スティーヴン・スピルバーグは利口な人だ。
若くして映画の世界に足を踏み入れ、長い年月を経て多くの経験を積んできた。
だから、どのような作品を作れば自分が高く評価されるのか、その映画が高く評価されるのかということを、本当に良く分かっているのだ。

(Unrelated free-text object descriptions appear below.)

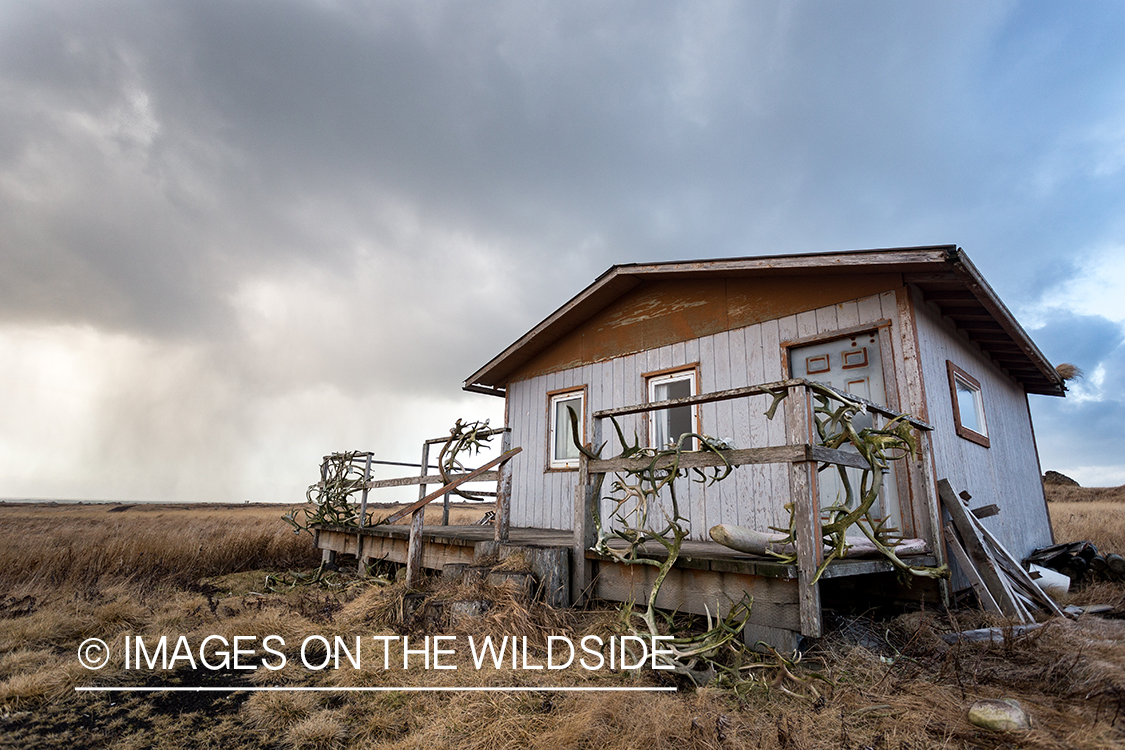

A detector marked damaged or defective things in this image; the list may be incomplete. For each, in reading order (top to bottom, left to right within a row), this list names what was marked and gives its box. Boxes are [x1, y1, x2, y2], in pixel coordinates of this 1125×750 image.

rust-stained wall panel [506, 273, 900, 384] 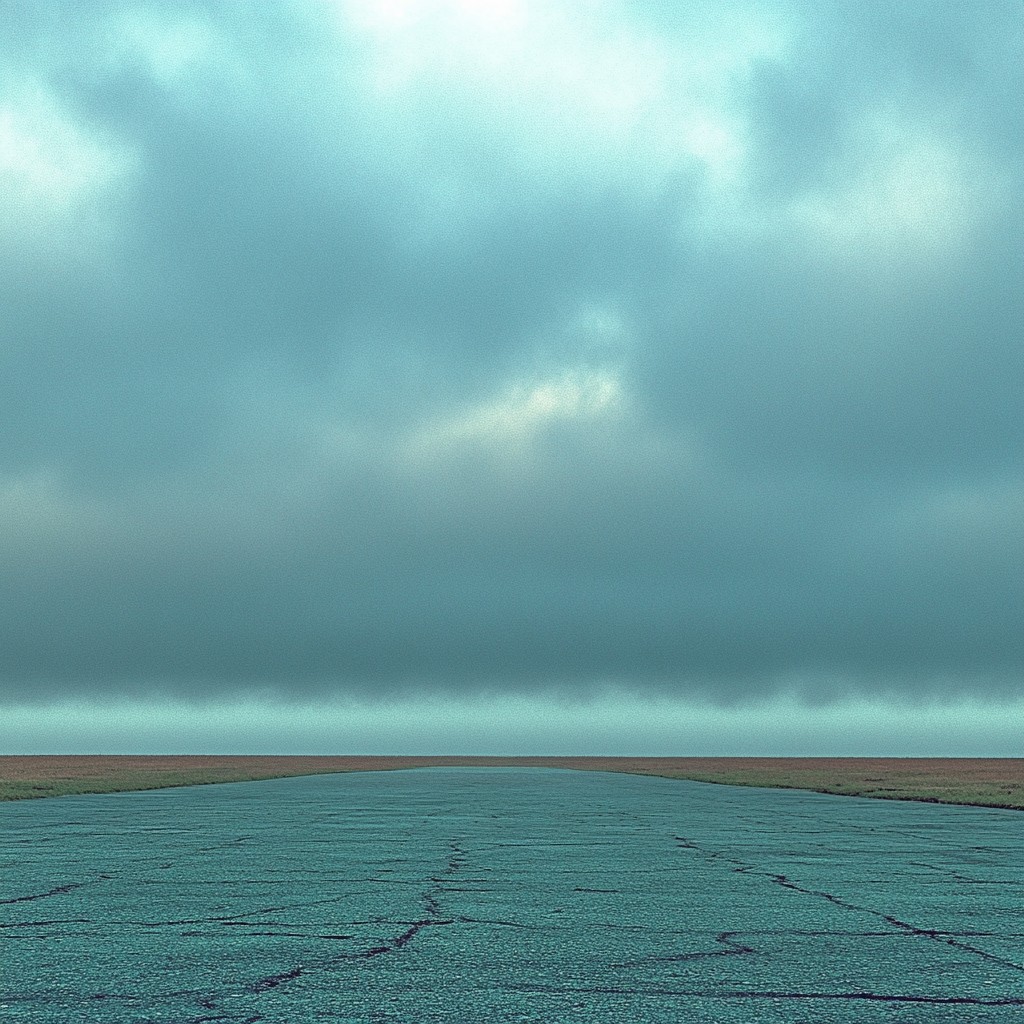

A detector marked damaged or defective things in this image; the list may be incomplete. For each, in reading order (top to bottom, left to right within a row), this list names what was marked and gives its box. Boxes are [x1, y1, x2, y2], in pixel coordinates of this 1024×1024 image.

cracked asphalt road [0, 764, 1020, 1020] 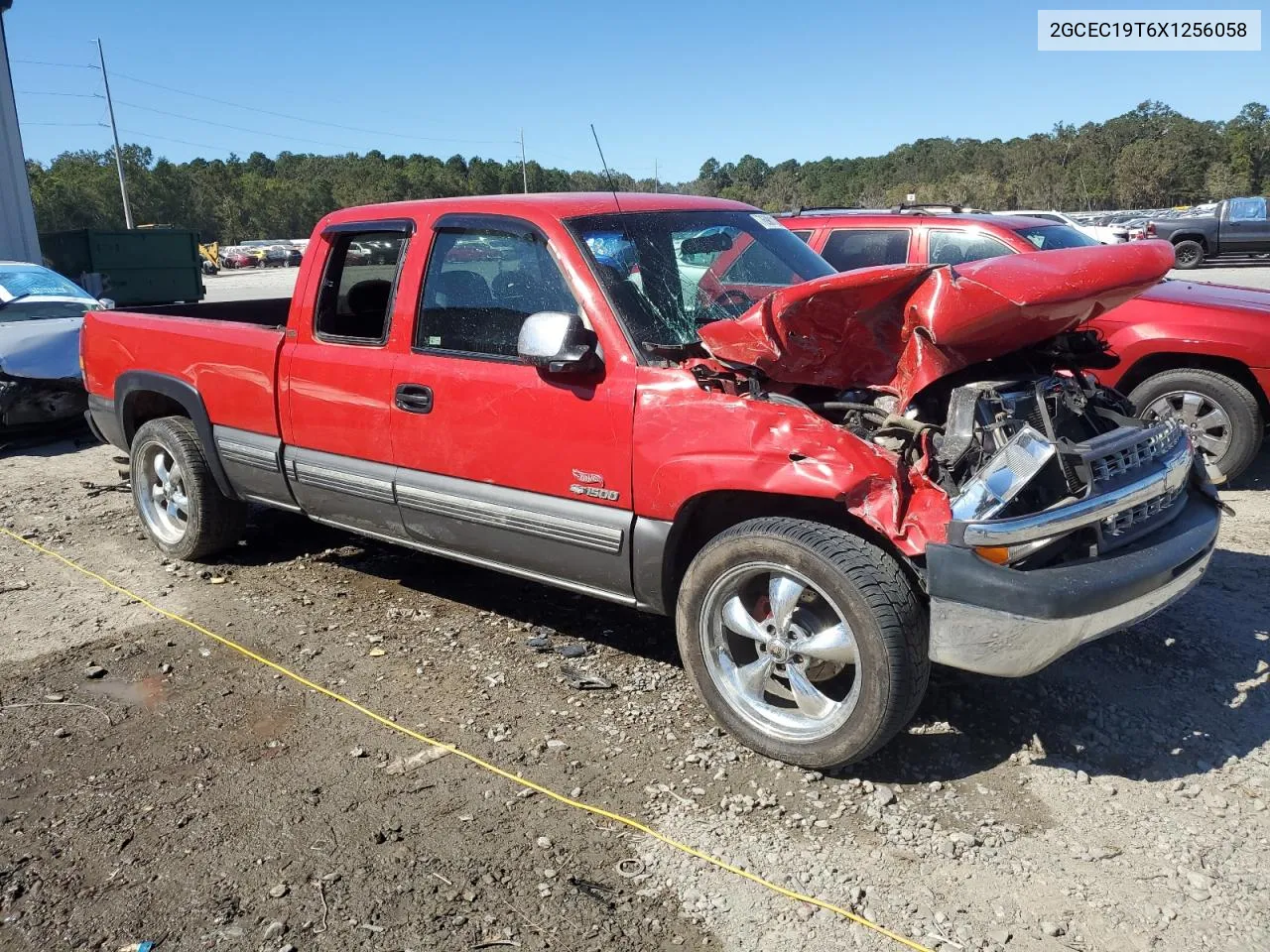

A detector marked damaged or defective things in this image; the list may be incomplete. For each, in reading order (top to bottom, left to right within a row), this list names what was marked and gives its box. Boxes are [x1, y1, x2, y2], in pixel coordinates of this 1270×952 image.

crumpled hood [0, 318, 84, 383]
damaged blue car [0, 265, 110, 436]
crumpled hood [700, 239, 1173, 404]
damaged front end [691, 246, 1223, 680] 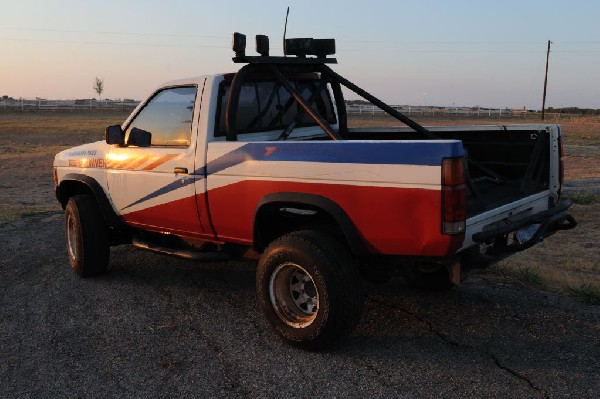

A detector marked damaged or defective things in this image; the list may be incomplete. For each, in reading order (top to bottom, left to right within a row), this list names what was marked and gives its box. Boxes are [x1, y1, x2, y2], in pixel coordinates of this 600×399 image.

cracked pavement [1, 212, 600, 396] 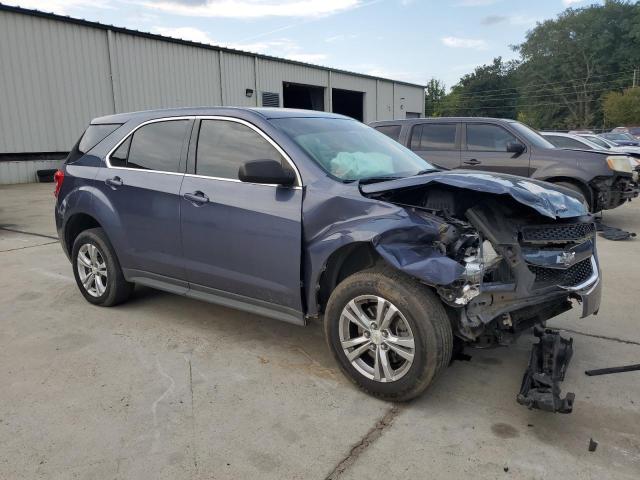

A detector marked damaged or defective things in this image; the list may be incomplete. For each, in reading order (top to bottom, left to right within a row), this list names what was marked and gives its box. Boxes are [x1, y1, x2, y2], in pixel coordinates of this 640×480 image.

damaged chevrolet equinox [53, 109, 600, 412]
wrecked vehicle [55, 109, 600, 412]
crushed hood [358, 171, 588, 219] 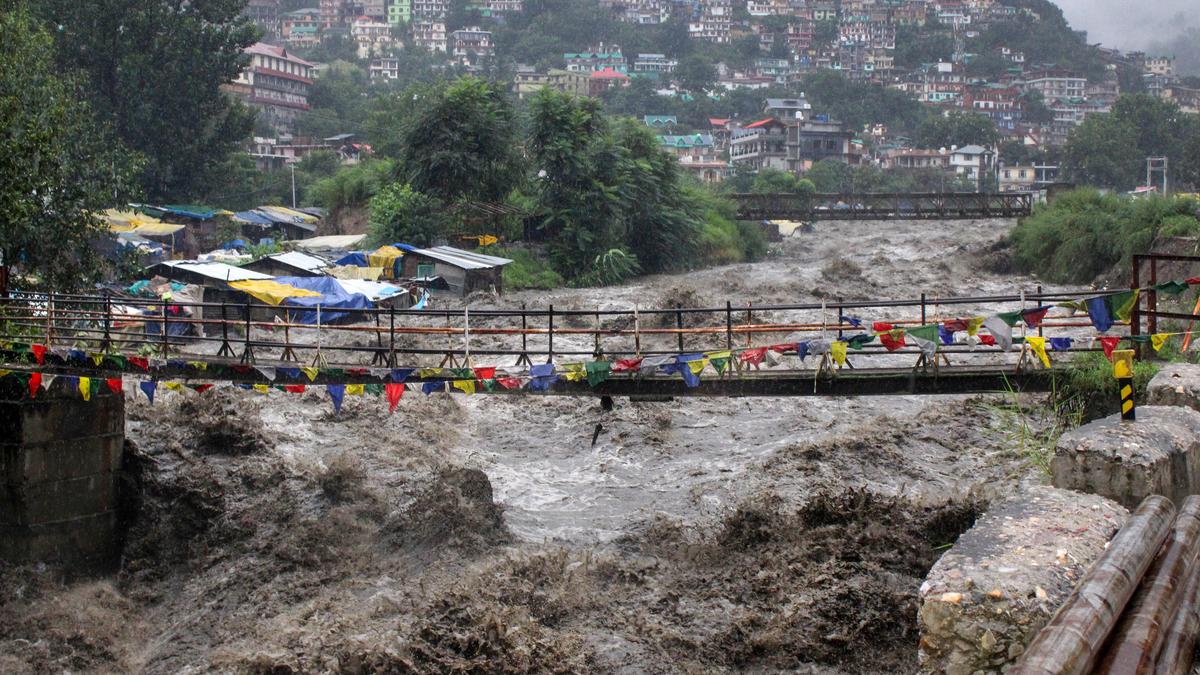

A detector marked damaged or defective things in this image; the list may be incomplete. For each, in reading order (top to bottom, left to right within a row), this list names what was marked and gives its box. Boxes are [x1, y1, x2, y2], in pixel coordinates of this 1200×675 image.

rusty metal pipe [1012, 494, 1171, 672]
rusty metal pipe [1099, 492, 1200, 667] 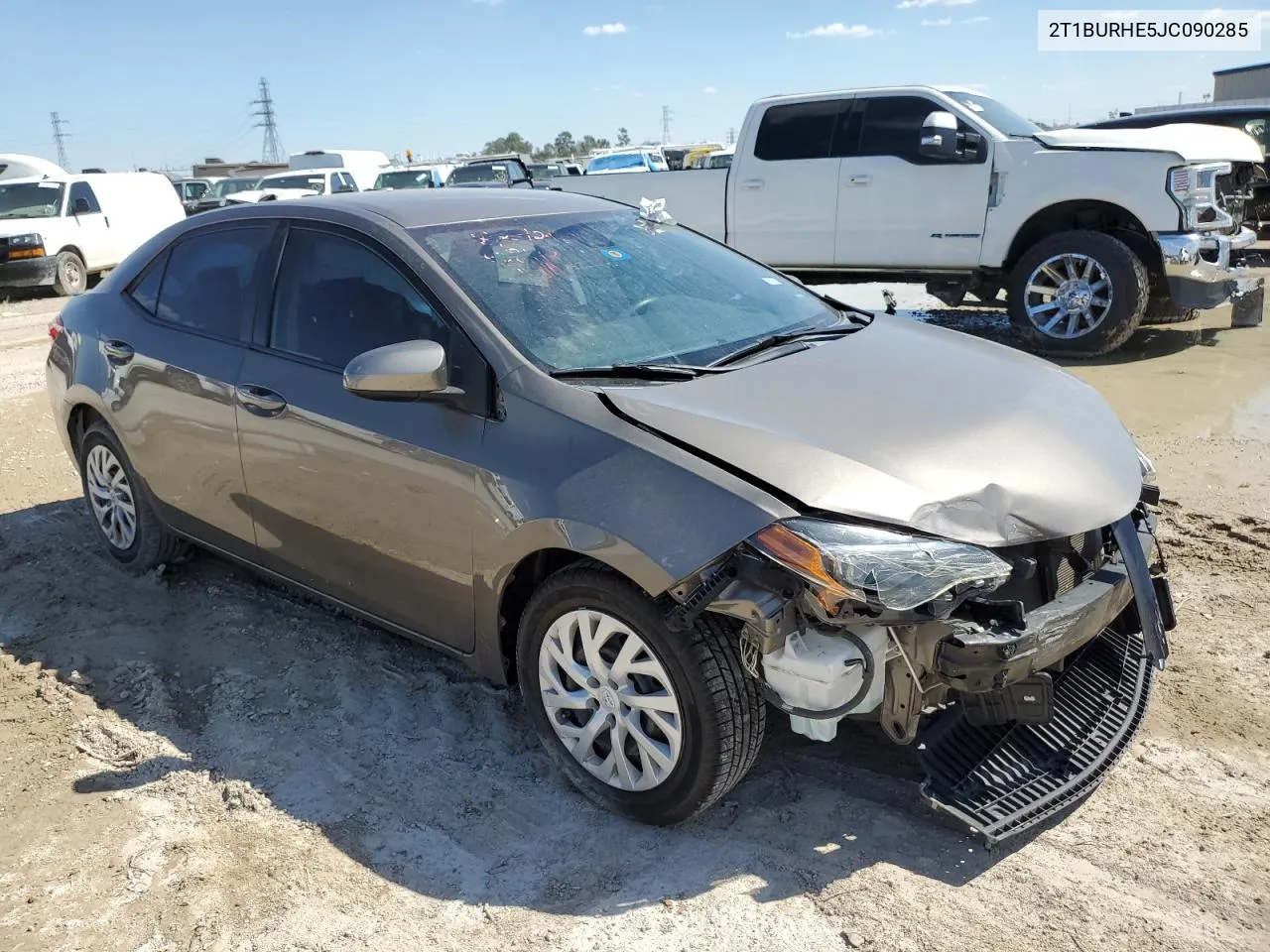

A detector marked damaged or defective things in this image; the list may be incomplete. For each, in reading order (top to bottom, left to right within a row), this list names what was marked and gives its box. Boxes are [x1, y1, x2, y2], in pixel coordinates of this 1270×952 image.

crushed front bumper [1159, 225, 1262, 317]
damaged toyota corolla [52, 189, 1183, 845]
broken headlight [754, 516, 1012, 615]
crushed front bumper [913, 512, 1175, 849] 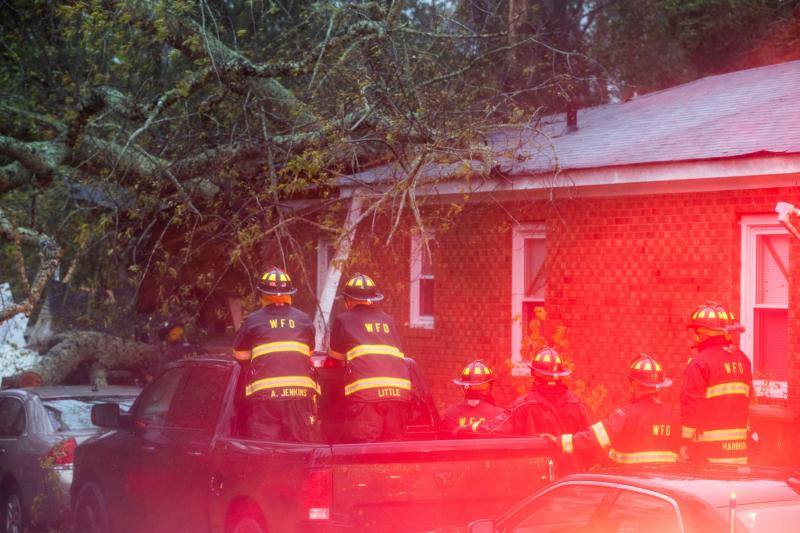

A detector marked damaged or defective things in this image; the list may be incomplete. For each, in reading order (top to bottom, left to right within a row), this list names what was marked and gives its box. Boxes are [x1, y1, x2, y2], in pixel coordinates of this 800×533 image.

damaged brick house [306, 59, 800, 462] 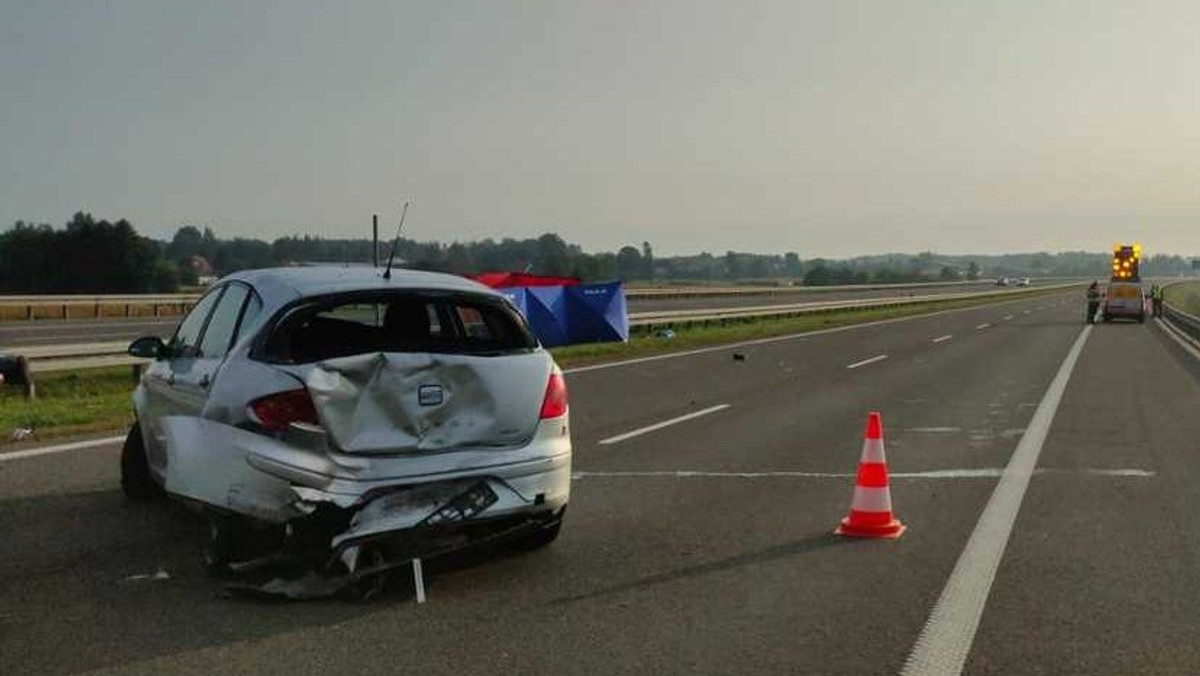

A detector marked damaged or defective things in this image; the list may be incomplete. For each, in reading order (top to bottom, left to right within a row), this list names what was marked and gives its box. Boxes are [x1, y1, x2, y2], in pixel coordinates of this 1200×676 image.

damaged silver hatchback [122, 266, 572, 600]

戦争を題材にした映画を作ろうとした時、彼はキッチリとプランを練り上げた。
そして、容赦の無いリアルな戦闘シーンを追及した。
最初に描かれるオマハ・ビーチ上陸シーンからして、とにかく凄まじい。
今までに無かったような、ミリタリー・アクションの迫力を見せ付ける。

血は吹き飛び、肉はちぎれ、死体は転がる。
そこにあるのは、実はフィクションとしてのリアリティーなのだが、しかし手持ちカメラの映像によって、残酷な死の描写を、まるでドキュメンタリーのように見せてしまう。
恐るべきトリックが使われているのだ。

しかし、リアルな戦闘シーンだけでは不充分だ。
それでは、単なる「凄まじいウォー・ゲーム」を描いただけに終わってしまう。
それを映画の面白さとして受け取ってもらえるかどうかは微妙だ。
そこで、スピルバーグは壮大な人間ドラマを含む脚本に目を付けた。

たった1人を救出するために、8人の兵士が命を賭ける。
そんな筋書きを、スピルバーグは上手く味付けして、観客の心を自在に操作する。
ここぞというタイミングでキメのセリフを吐かせ、感動に持ち込んでいく。

難しい人生哲学を放り込んでも、観客に理解してもらうのは難しい。
だから、スピルバーグはファースト・フード感覚のヒューマニズムを提示する。
そういう感動ドラマを作るためには、キャスティングも重要だ。
トム・ハンクスなら、うってつけである。

非常に計算能力の高いスティーヴン・スピルバーグ監督が、緻密な計算をして、致命的なミスを犯すこと無く、計算通りの作品を作り上げた。
「今までに無いような戦争映画を作ってやろう」というスピルバーグの野心は、こうして見事に達成されたわけである。